*DATA EXTRACTS*:
::::::

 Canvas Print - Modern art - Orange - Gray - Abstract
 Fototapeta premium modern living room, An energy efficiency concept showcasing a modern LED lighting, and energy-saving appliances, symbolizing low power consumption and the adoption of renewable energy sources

::::::

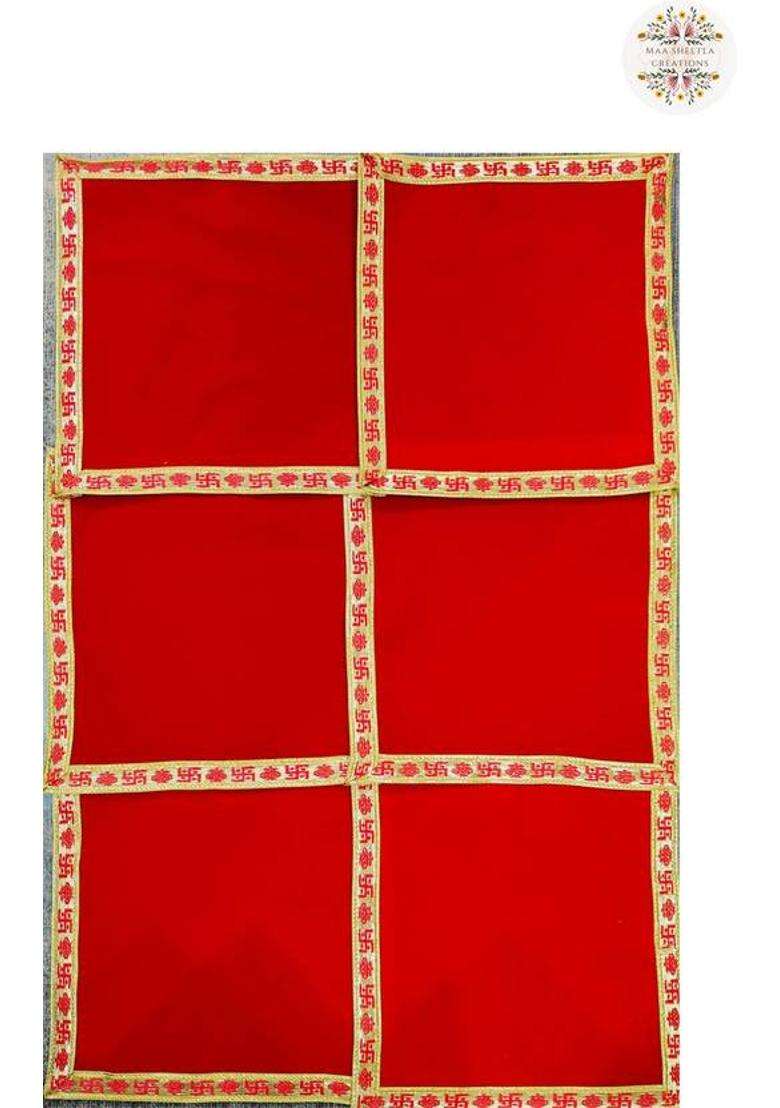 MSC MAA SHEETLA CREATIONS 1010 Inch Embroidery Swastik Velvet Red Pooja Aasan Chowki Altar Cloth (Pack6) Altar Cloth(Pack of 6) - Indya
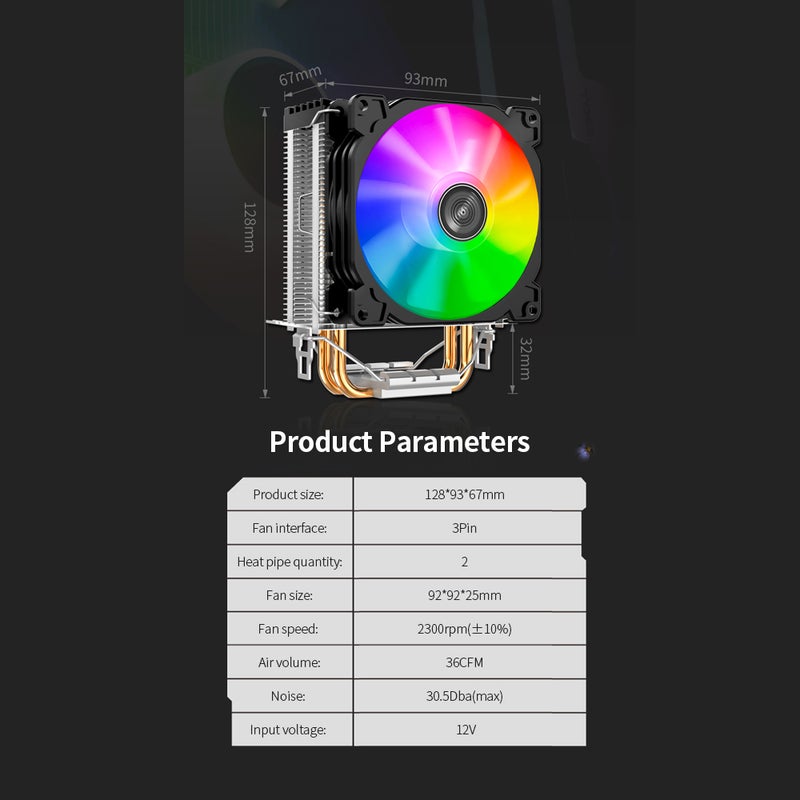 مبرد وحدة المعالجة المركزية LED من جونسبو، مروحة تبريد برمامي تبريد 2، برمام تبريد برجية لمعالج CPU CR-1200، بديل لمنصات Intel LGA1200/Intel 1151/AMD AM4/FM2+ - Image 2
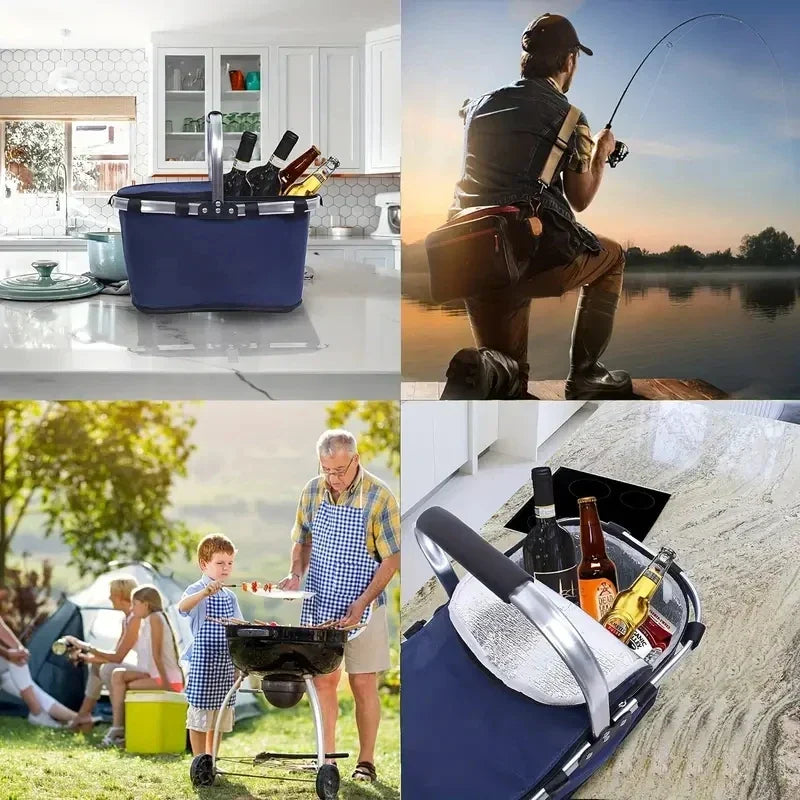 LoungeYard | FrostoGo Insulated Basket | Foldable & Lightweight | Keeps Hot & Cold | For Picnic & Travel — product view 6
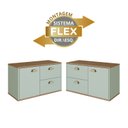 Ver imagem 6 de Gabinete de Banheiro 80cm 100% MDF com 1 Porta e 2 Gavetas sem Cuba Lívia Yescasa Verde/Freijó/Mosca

::::::

*REQUIREMENT*: In the records above, find the line with "MSC MAA SHEETLA" and the line with "مبرد وحدة المعالجة". Write out exactly those lines and every one between, with no pictures and no other lines.

*RESULT OF THIS EXERCISE*:
 MSC MAA SHEETLA CREATIONS 1010 Inch Embroidery Swastik Velvet Red Pooja Aasan Chowki Altar Cloth (Pack6) Altar Cloth(Pack of 6) - Indya
 مبرد وحدة المعالجة المركزية LED من جونسبو، مروحة تبريد برمامي تبريد 2، برمام تبريد برجية لمعالج CPU CR-1200، بديل لمنصات Intel LGA1200/Intel 1151/AMD AM4/FM2+ - Image 2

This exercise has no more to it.